Darmstadt (epd). Männer mit zu großen Brüsten können keine operative Brustverkleinerung auf Kosten der Krankenkasse verlangen. Sind sie von einer Brustdrüsenschwellung, der sogenannten Gynäkomastie, betroffen, stellt dies regelmäßig keine behandlungsbedürftige Krankheit dar, entschied das Hessische Landessozialgericht (LSG) in Darmstadt in einem am 3. September veröffentlichten Urteil. Nur wenn die vergrößerte männliche Brust zu orthopädischen oder dermatologischen Beschwerden führt oder eine entstellende Wirkung hat, sei eine Leistungspflicht der gesetzlichen Krankenkassen möglich.
Im Streitfall hatte der 52-jährige Kläger bei seiner Krankenkasse die Kostenübernahme für eine beidseitige operative Brustverkleinerung beantragt. Die vergrößerten Brüste seien besonders berührungsempfindlich. Er habe Schmerzen in Ruhe wie auch beim Sport. Die Krankenkasse wies ihn ab. Es bestehe eine nur leichtgradige Brustvergrößerung ohne entzündliche Veränderungen. Auch Hinweise auf eine Tumorerkrankung gebe es nicht.

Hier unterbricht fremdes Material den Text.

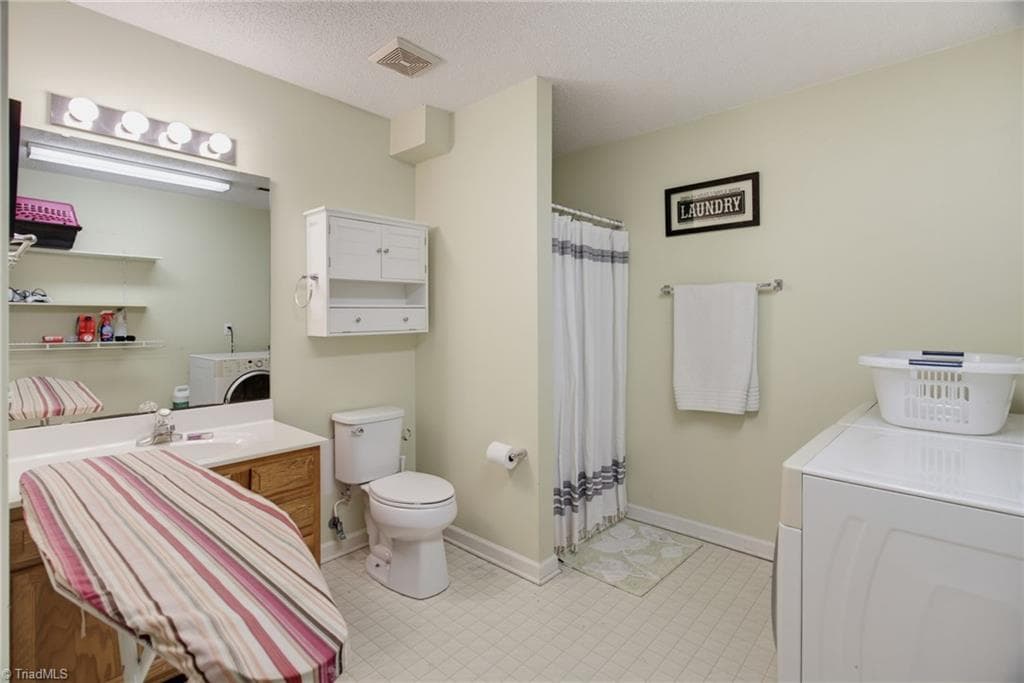 Stick/Site Built at 3913 Landover Drive, High Point NC 27265, photo 25 of 30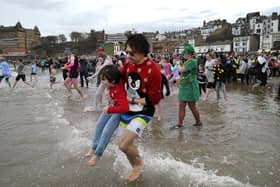 New Year Day Dip at Scarborough South Bay.
picture: Richard Ponter, 220101n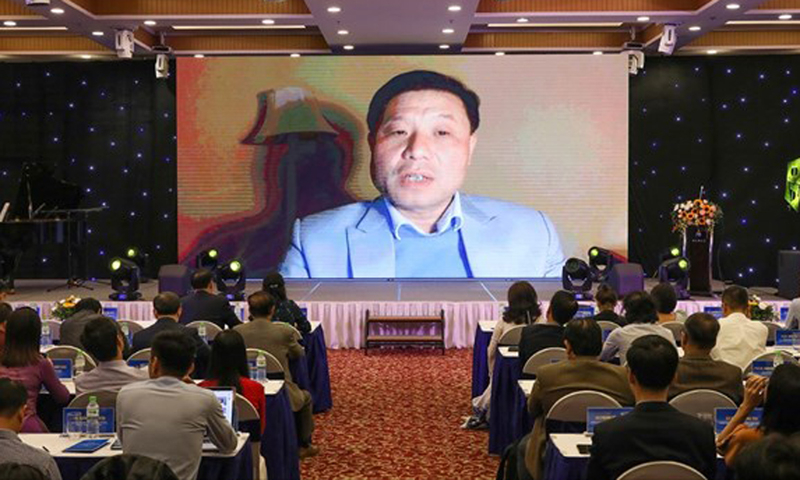 Giáo sư Vũ Hà Văn - Giám đốc Khoa học VINIF và VinBigdata chia sẻ tại sự kiện. (Ảnh: Vingroup)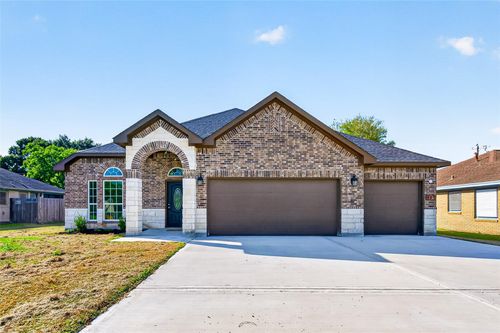 710 Hackberry St, La Marque, TX, 77568-6102 | Card Image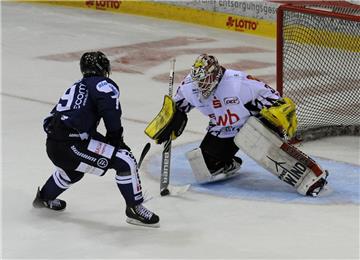 Blaine Down (links), neuer Stürmer der Iserlohn Roosters, hat beim SWB-Cup schon gezeigt, was er kann. Im Finale gegen die Fischtown Pinguins schoss er zwei Tore. Foto Scheschonka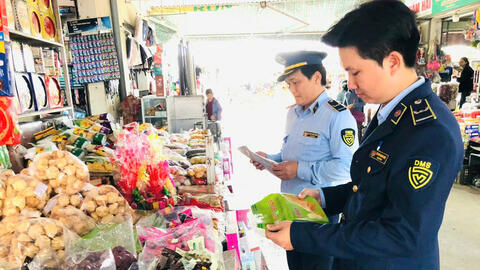 Thành phố Huế: Xử lý hơn 70 vụ vi phạm hàng giả, hàng lậu dịp Tết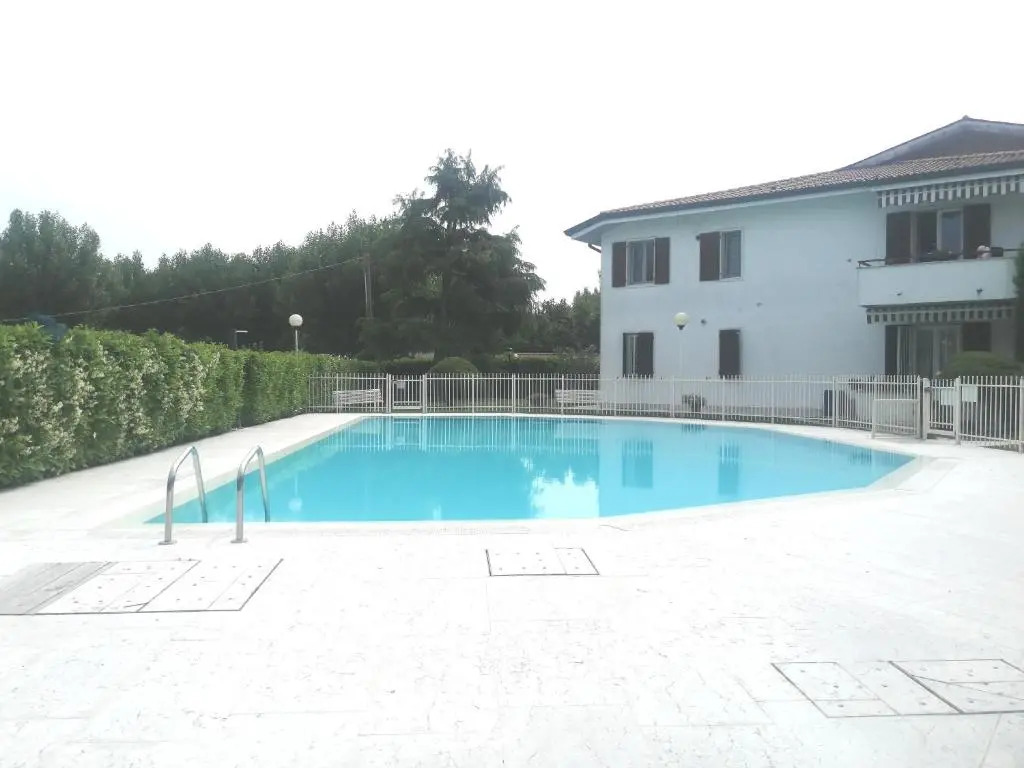 Appartamento a Peschiera del Garda con piscina ID I00538
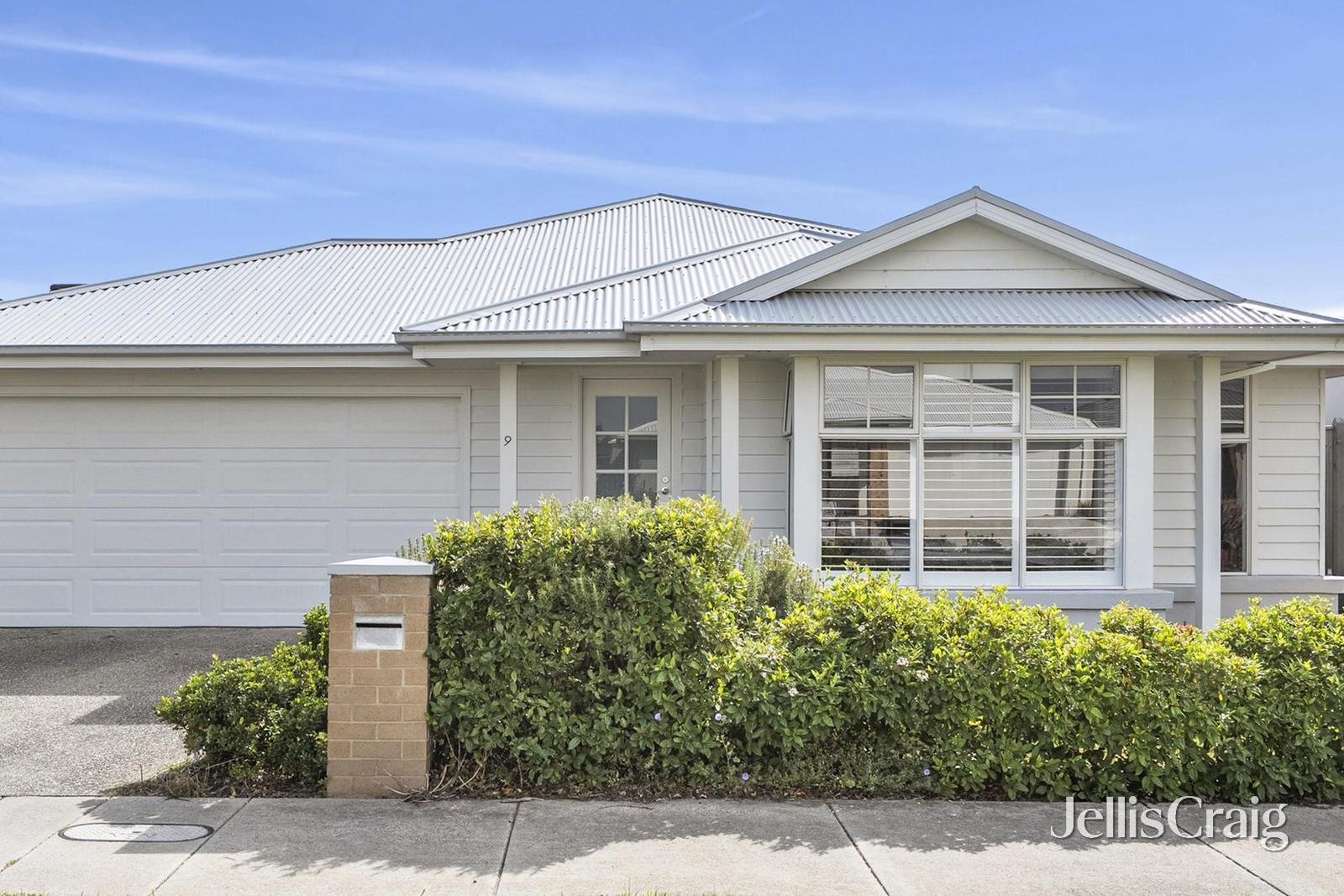 9 Fawkner Crescent, Armstrong&nbsp;Creek image 1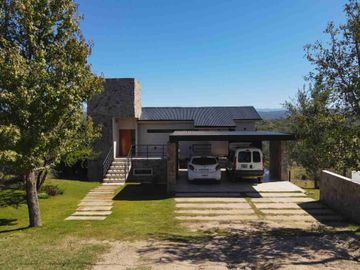 VENTA CASA 3 DORM EN POSTA CARRETA CLUB DE CAMPO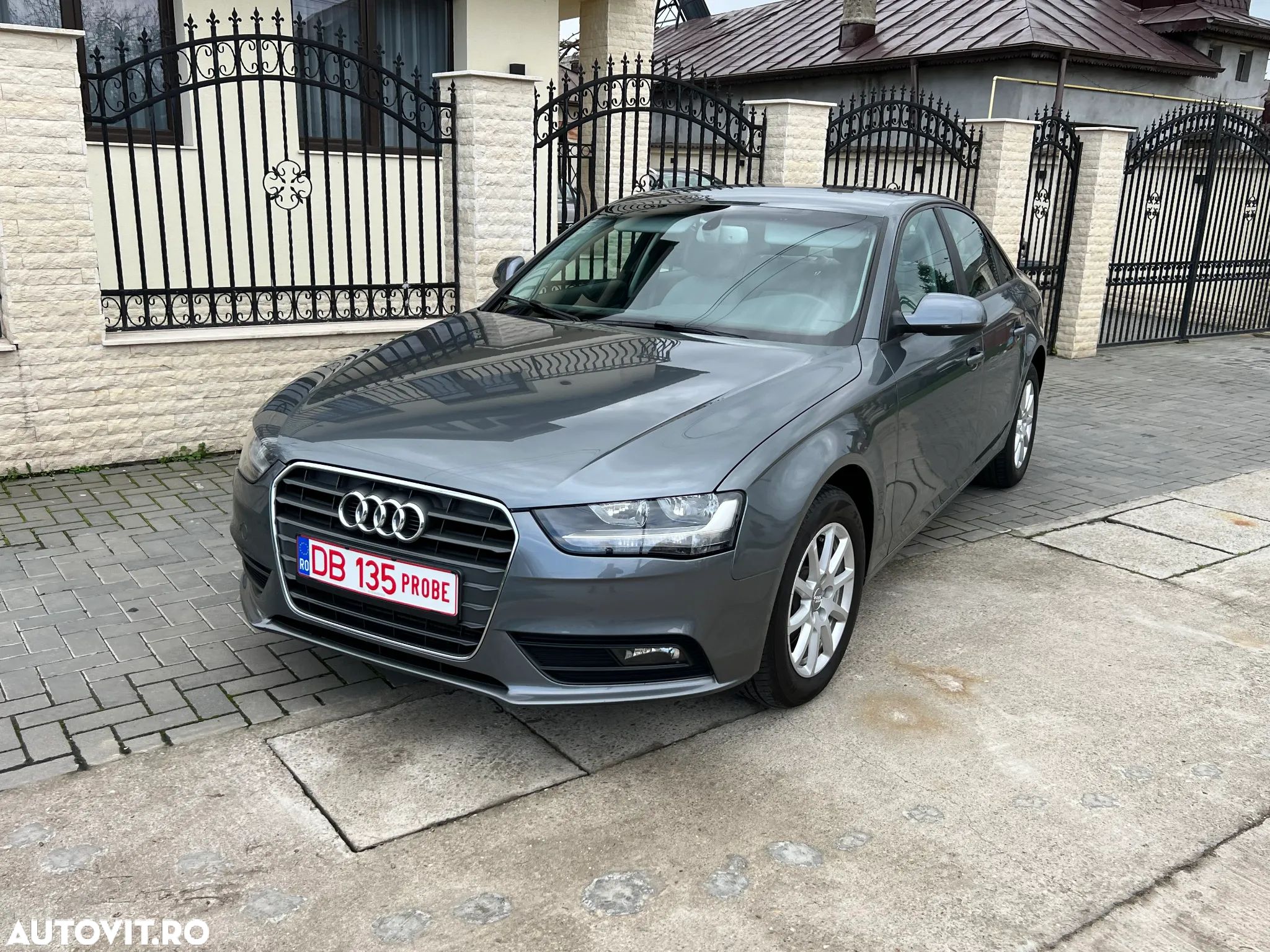 Audi A4 - 1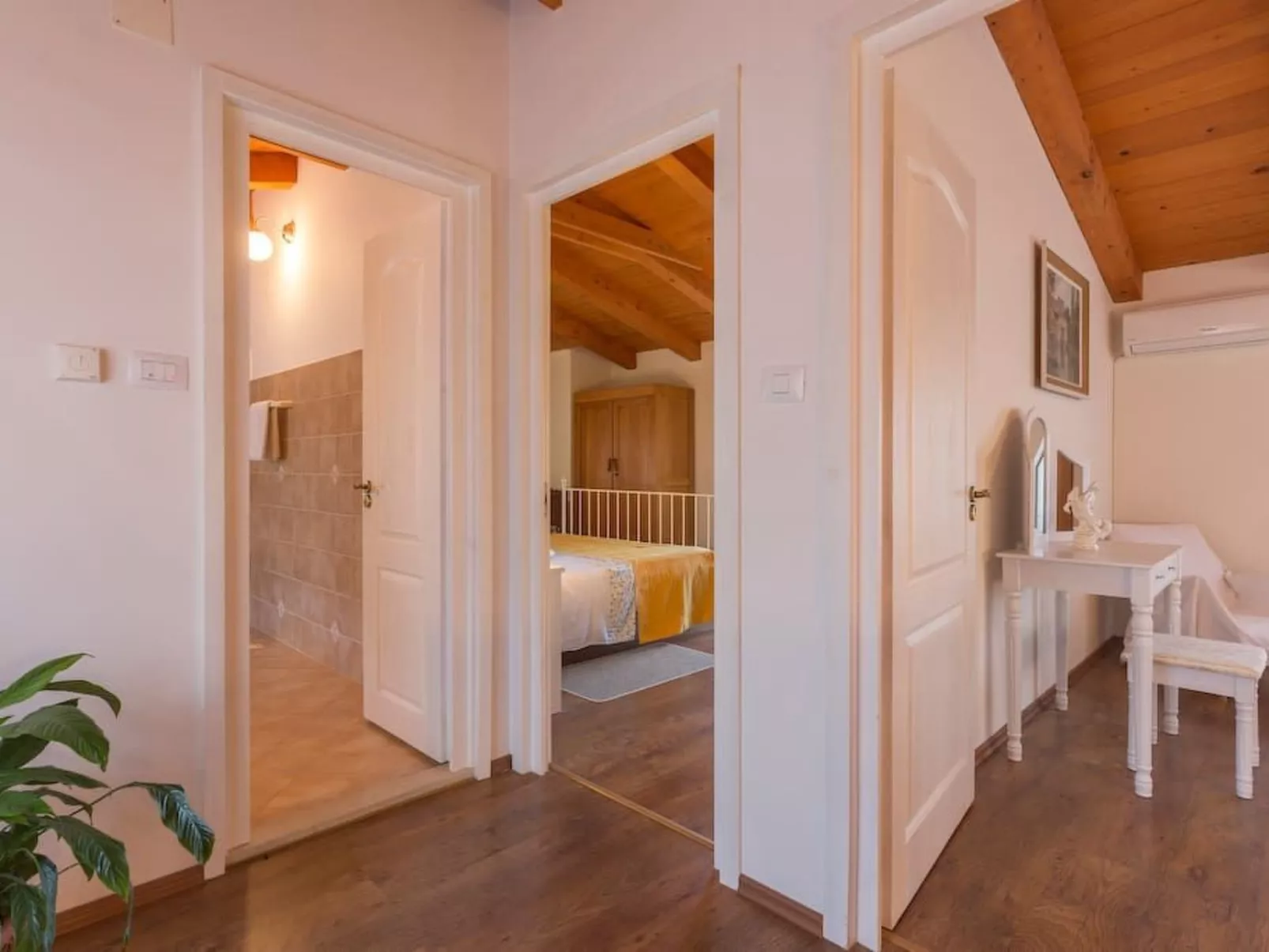 Modernes Ferienhaus in Vadreš mit Privatem Pool-Dedans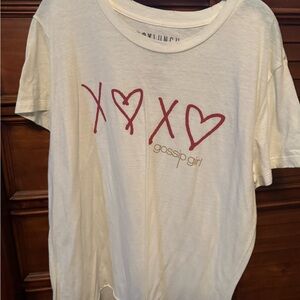 Gossip Girl White Tee with Red XO and Heart Design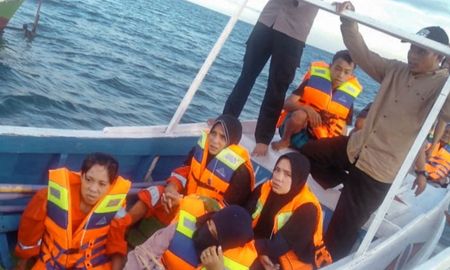 Veintiséis personas están desaparecidas tras el naufragio de un transbordador frente a la costa de Indonesia. Veintiséis personas están desaparecidas tras el naufragio de un transbordador frente a la costa de Indonesia.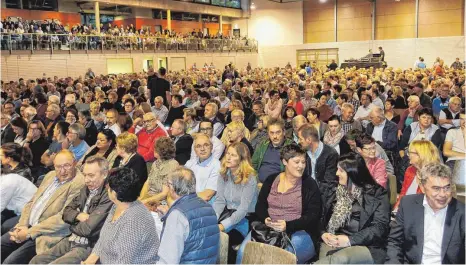  ?? FOTO: AFI ?? Brechend voll ist die Härtsfeld-Sport-Arena bei der Kandidaten­vorstellun­g zur Nachfolge von Bürgermeis­ter Gerd Dannenmann gewesen.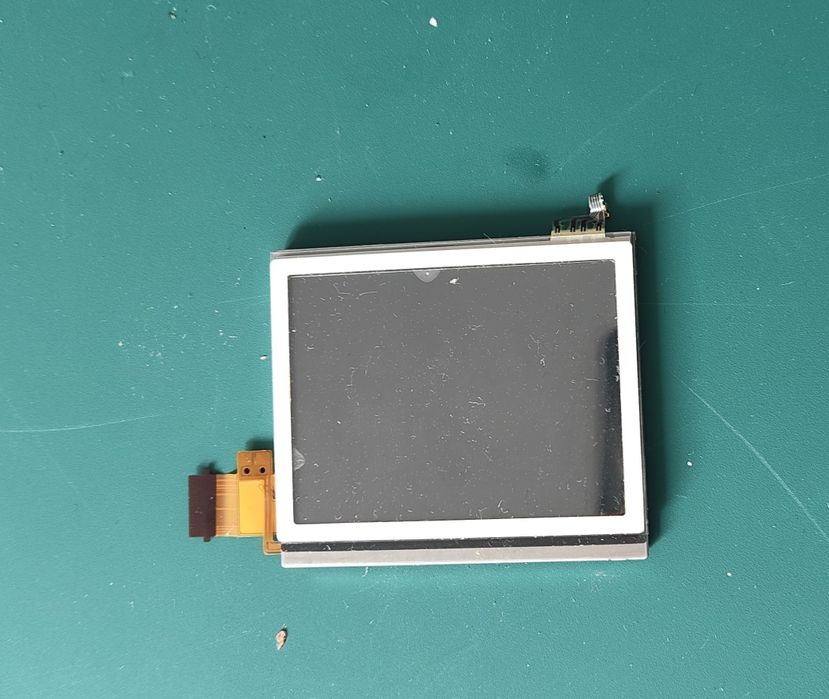 Nintendo DS Lite на части + два корпуса (черен и бял)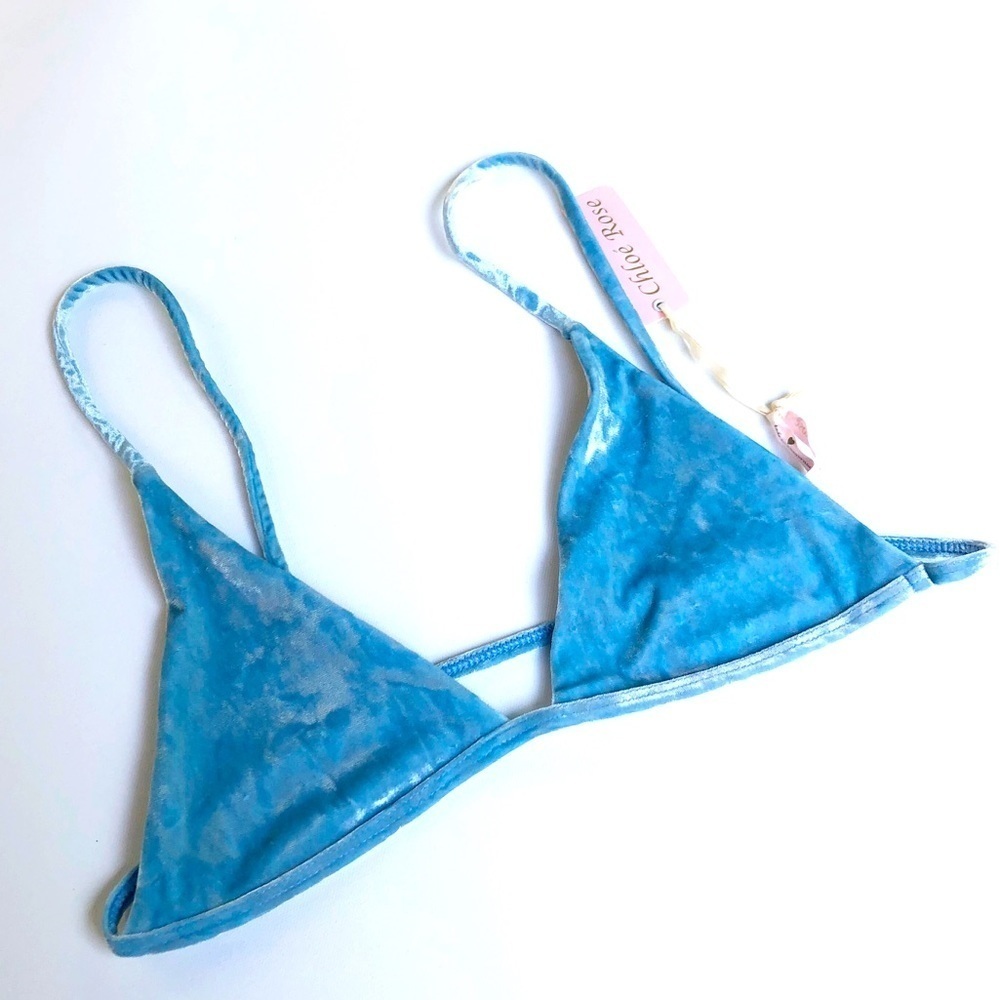𝅺Chloe Rose How the blue velvet bikini top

Das LSG wies die dagegen eingelegte Klage des Manns zurück. Nicht jede „körperliche Unregelmäßigkeit“ stelle eine behandlungsbedürftige Krankheit dar, für die die Krankenkasse aufkommen müsse. Orthopädische oder dermatologische Beschwerden bestünden beim Kläger ebenso wenig wie besonders ausgeprägte Schmerzen. Dass der Kläger gelegentlich Schmerzmittel einnehme, könne eine operative Brustverkleinerung auf Krankenkassenkosten nicht rechtfertigen. Führe die vergrößerte männliche Brust zu psychischen Beschwerden, müssten diese vorrangig mit einer Psychotherapie behandelt werden.
Zwar könne ein Eingriff in den gesunden Körper auch bei einer Entstellung gerechtfertigt sein. Die Brustvergrößerung des Klägers wirke aber „nicht evident abstoßend“. Die etwas vergrößerte Brust falle bei flüchtigen Begegnungen in Alltagssituationen nicht auf.
Nach Angaben der Deutschen Gesellschaft für Plastische, Rekonstruktive und Ästhetische Chirurgie liegt bei fast 50 Prozent der männlichen Jugendlichen zeitweise eine Brustvergrößerung vor, die sich in den allermeisten Fällen wieder zurückbildet. Starkes Übergewicht oder eine Hormonbehandlung nach Prostatakrebs können ebenfalls für eine Gynäkomastie verantwortlich sein.